Finally, it appears that the perpetrators assumed that generous administrative assistance, albeit lacking in substance, to the agents of SOCA, Britain's Serious Organised Crime Agency, meant that there would be no repercussions.
The close and intense intelligence cooperation between Israel and Britain in the war against Islamist terrorism only exacerbated and justified British anger at Israel for using British passports as if they were its own. By doing this, Israel also threatened to incriminate Britain as a silent partner in its activities.
A British agent using an Israeli passport to track down an IRA cell would not meet with much Israeli sympathy. The massive use of borrowed identities of citizens of a foreign country is no different, in principle, than a plane entering that country's air space without permission.
Miliband's announcement in parliament offered a glimpse into British decision-making and exposed the serious shortcomings in the way things are done in Israel. The three ministers are responsible for the security and defense services. The Secret Intelligence Service, SIS, also known as MI6, is answerable to the foreign secretary and must coordinate with him or with his top deputies operations that may affect foreign affairs.
The Security Service, the MI5, answers to the home secretary, as do the police.
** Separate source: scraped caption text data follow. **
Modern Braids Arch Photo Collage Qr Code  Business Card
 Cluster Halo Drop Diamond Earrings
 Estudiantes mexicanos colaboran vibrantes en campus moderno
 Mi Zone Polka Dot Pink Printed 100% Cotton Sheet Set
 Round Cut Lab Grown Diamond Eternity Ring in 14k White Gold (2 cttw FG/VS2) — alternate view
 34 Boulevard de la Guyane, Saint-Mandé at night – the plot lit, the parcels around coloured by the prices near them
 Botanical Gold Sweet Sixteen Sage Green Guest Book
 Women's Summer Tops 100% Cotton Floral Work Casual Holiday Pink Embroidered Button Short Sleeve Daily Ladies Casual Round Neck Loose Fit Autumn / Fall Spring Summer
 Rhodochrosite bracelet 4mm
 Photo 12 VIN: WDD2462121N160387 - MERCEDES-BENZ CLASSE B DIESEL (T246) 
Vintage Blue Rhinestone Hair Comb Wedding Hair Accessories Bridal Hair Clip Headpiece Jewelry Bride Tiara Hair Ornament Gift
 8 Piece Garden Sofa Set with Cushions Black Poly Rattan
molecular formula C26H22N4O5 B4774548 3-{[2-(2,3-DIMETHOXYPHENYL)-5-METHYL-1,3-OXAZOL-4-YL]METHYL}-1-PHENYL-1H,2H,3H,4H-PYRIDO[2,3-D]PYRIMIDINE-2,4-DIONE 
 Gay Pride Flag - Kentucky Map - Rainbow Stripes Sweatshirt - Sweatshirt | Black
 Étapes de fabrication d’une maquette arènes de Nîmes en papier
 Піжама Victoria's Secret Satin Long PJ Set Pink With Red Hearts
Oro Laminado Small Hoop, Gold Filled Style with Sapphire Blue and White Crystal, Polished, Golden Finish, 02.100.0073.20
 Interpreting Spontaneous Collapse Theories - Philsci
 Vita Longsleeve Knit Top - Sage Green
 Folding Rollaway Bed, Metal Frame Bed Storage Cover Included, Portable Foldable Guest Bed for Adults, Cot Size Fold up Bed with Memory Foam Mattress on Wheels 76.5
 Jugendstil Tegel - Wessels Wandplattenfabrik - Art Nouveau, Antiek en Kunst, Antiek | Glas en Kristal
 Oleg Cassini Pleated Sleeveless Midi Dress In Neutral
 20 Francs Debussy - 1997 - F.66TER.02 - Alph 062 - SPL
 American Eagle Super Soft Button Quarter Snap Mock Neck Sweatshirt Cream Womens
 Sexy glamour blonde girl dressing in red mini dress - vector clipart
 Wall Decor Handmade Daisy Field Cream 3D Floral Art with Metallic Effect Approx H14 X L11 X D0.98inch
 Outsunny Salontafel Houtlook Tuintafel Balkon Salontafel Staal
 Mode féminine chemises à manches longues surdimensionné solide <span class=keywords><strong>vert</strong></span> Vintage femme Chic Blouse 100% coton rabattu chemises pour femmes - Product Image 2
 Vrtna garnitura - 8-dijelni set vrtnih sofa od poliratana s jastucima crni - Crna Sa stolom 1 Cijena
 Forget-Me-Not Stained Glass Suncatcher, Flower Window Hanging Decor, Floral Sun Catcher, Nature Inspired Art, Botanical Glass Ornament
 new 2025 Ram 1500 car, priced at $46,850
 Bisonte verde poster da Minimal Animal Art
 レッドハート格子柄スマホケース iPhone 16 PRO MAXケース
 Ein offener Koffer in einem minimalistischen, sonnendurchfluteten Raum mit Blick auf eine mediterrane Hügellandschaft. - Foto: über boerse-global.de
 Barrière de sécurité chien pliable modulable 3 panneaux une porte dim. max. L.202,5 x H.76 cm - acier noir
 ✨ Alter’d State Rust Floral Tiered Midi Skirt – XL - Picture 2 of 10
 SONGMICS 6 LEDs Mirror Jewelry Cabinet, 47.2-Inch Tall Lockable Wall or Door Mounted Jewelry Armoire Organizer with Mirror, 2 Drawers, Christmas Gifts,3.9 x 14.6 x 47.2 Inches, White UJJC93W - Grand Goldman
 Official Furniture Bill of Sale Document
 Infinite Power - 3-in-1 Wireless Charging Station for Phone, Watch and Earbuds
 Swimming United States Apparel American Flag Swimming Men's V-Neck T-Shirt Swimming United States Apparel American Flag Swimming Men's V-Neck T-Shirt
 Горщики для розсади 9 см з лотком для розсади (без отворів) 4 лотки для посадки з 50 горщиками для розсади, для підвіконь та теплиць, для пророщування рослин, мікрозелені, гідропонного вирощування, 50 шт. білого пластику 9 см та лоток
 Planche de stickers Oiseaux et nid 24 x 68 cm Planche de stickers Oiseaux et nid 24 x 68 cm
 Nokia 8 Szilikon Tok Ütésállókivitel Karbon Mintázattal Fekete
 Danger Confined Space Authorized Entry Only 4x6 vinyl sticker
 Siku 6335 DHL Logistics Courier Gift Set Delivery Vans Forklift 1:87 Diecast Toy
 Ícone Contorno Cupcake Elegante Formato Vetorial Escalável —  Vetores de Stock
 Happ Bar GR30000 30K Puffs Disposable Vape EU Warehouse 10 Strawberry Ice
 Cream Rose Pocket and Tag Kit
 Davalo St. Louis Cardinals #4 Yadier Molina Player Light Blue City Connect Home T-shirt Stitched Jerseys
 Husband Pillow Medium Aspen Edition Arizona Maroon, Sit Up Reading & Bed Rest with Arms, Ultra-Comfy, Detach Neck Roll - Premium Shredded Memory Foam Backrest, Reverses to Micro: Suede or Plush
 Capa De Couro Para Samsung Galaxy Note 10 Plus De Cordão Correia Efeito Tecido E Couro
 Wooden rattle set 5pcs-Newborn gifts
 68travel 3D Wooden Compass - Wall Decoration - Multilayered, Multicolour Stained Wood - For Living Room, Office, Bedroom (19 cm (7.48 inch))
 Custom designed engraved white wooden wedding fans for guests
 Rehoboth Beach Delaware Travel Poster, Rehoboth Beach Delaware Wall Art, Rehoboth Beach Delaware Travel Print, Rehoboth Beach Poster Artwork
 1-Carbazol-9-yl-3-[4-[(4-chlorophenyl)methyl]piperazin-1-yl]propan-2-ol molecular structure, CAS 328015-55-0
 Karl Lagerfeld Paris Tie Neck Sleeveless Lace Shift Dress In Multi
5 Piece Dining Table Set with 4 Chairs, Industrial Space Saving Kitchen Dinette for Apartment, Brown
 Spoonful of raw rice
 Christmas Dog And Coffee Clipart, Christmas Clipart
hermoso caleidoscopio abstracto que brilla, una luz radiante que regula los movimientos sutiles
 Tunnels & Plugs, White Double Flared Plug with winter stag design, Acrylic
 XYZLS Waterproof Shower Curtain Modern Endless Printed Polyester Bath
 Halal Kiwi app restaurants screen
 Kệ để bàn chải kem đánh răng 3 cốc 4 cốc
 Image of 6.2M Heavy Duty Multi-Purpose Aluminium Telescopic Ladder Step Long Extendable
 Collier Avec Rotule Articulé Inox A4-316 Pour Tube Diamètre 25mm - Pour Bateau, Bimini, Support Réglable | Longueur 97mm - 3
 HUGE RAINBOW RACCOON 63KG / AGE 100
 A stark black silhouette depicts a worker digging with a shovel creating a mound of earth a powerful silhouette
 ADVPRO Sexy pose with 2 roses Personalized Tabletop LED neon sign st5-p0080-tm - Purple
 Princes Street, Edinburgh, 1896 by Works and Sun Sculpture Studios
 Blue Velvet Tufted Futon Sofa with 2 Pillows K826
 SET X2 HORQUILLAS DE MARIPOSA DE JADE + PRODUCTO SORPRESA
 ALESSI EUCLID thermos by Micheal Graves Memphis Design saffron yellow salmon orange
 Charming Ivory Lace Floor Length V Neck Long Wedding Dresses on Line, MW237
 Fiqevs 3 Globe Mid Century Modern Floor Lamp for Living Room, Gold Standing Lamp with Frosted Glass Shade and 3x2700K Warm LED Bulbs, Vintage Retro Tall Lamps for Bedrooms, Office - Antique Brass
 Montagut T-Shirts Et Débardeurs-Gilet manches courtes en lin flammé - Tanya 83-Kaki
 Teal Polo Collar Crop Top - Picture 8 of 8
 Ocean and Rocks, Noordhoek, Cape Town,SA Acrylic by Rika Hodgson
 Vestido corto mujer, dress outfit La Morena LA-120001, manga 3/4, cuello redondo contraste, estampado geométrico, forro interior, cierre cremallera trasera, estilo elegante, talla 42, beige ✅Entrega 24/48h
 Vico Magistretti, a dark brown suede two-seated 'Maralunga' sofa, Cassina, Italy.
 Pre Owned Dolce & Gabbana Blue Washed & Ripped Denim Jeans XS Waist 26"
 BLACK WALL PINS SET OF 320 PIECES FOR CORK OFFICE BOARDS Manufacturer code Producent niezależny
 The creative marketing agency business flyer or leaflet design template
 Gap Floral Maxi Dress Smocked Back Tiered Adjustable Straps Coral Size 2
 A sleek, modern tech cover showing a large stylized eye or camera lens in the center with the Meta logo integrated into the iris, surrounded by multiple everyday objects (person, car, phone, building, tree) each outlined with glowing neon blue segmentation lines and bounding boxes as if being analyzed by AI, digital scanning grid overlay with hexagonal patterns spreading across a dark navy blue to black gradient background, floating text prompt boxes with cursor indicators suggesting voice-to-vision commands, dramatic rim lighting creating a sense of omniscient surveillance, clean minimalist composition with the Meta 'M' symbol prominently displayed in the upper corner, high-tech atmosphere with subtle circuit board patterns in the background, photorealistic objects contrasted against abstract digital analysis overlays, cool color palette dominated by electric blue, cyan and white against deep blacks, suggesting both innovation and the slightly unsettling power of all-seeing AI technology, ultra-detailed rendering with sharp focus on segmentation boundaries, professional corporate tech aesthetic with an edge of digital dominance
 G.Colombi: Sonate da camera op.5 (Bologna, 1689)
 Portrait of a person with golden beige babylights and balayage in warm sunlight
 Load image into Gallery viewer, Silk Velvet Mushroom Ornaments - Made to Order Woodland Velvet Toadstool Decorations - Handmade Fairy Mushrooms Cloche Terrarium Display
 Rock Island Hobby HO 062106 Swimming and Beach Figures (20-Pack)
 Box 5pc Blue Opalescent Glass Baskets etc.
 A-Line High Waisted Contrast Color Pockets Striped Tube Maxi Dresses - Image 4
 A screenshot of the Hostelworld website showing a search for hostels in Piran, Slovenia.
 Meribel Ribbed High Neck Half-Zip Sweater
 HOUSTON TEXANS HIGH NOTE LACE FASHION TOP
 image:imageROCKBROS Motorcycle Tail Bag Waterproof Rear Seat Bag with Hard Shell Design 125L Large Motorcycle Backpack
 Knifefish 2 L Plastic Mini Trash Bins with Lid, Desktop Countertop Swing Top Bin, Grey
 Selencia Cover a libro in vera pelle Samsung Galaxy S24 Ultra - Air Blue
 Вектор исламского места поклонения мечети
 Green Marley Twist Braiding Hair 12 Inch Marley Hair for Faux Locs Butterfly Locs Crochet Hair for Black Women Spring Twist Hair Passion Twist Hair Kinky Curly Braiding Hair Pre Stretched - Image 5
The prime minister has overall responsibility, and his office also helps coordinate intelligence.
In the British way of doing things, were a mishap to happen in an MI6 operation (the parallel to the Mossad), the expectation would be that the foreign secretary would resign. A similar step by the home secretary would be expected if there were a problem at MI5, the parallel to the Shin Bet, or at the police.
In the political culture of the United States, for example, the expectation is for a senior official to resign. President John F. Kennedy highlighted the difference between London and Washington when he asked the head of the CIA, Allen Dulles, to resign after the agency's failure at the Bay of Pigs in 1961. Dulles was then in his eighth year on the job, just as Mossad head Meir Dagan is now.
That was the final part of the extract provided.